__Work to be completed__.
Once the images are set aside, output the listing exactly as it stands.

__Dataset extract__.
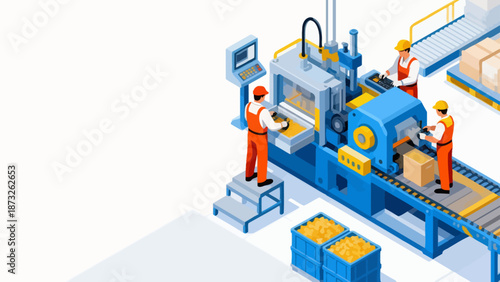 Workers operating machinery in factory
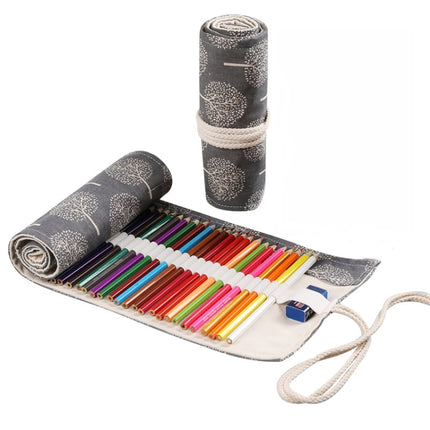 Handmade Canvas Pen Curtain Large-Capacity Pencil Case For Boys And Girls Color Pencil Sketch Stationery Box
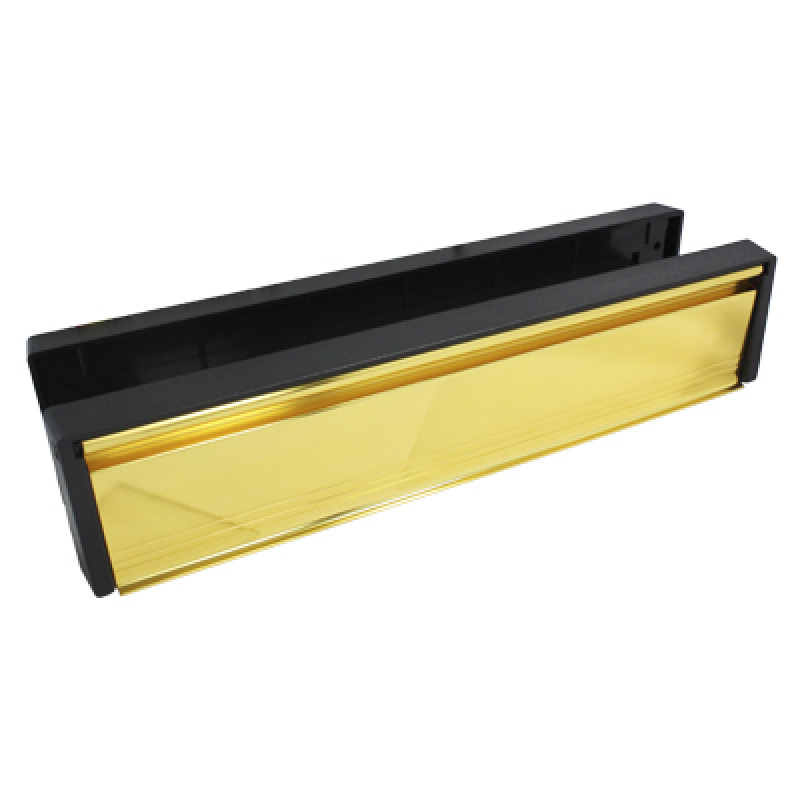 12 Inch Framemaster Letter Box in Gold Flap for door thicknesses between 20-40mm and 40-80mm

__Answer box__.
 Workers operating machinery in factory
 Handmade Canvas Pen Curtain Large-Capacity Pencil Case For Boys And Girls Color Pencil Sketch Stationery Box
 12 Inch Framemaster Letter Box in Gold Flap for door thicknesses between 20-40mm and 40-80mm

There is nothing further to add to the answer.